I am a costume, not a reenactor. I make interesting historical costumes as accurately as I can – or not accurately at all, depending on why and when and what I want it for. I put the clothes on and wear them for an hour or an afternoon, and then I take them off again and put back on the twentieth century clothes that I wear every day. Playing dress-up in the 18th Century is always fun. The 18th Century aftermath on the other hand…. sometimes isn’t.
Yes, it is true that historical linens and wools are often more suited to dealing with actual climates than what we wear in those climates today. But sometimes an environment is just going to trump any fabric choices you throw at it, and sometimes modern solutions are just… they’re just better.
The shore in the Atacama desert where I took these photos was hot:
I mean, it was really really hot.
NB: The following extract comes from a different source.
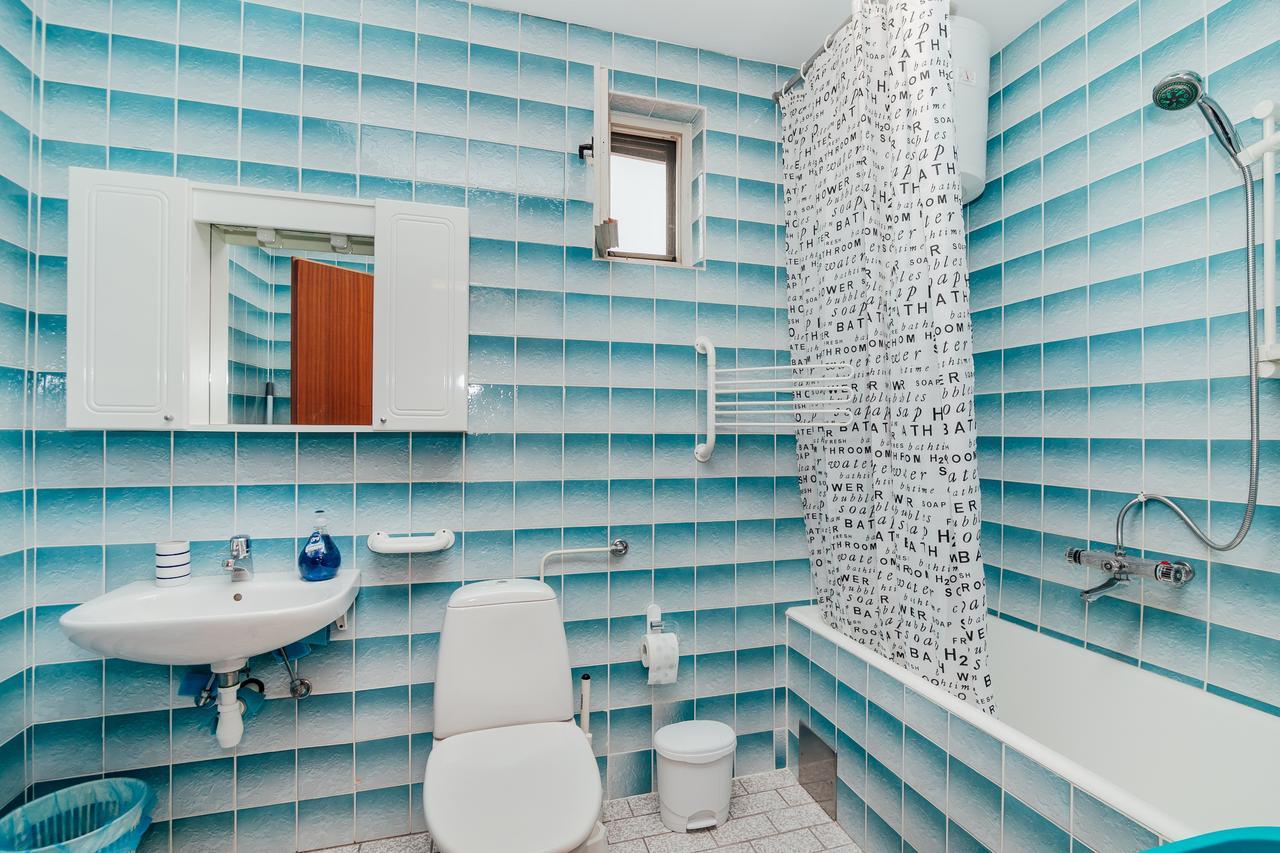 Apartments Sopot ริซาน ภายนอก รูปภาพ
The sort of hot you only get when the driest desert in the world happens to also exist in tropical latitudes where the sun hangs directly overhead in the sky like a big brass gong, and then you choose go out dressed up in multiple layers of linen and artificial whalebone during the hottest month of it.
That sort of hot.
When I got home, I dropped my 1750s linens where I stood, and sat on the floor to eat a frozen fruit juice popsicle in my shift.
Linens might wick sweat, but I like a good 21st century deep freezer, thanks.
The weather up at Tahoe in winter this Christmas was brisker, but it wasn’t any less disheveled.
In anticipation of the cold, below my 1790s cotton round gown, my underneaths were modern,
But my hair was…. well my hair was a wig. I didn’t have any bobby pins, and I was relying on a gauze chiffonet to keep the wig on my head. Unfortunately, the chiffonet was the remains of the silk I’d used on my 18th Century Brain Hat and it lived up to every bit of the reputation it had earned during that fiasco. There was a stiff wind up there on the mountain and with a little help from the enormous hood of my cardinal cloak, that chiffonet skidded right off my head – and took the wig right along with it!!
And after that – snow is slippery and so are leather slippers. Coming back down to Reno from the mountain, a heated car seat made all the difference, as did (a few miles further down the road) the hot air of a hand dryer in the ladies room of a Borders Bookshop pointed directly at my very own damp seat! A wool melton cloak is toasty, but thermal long-johns and electric heaters are… well, in the aftermath of a winter afternoon in the 18th Century, I just like them more, when my seat is turning blue!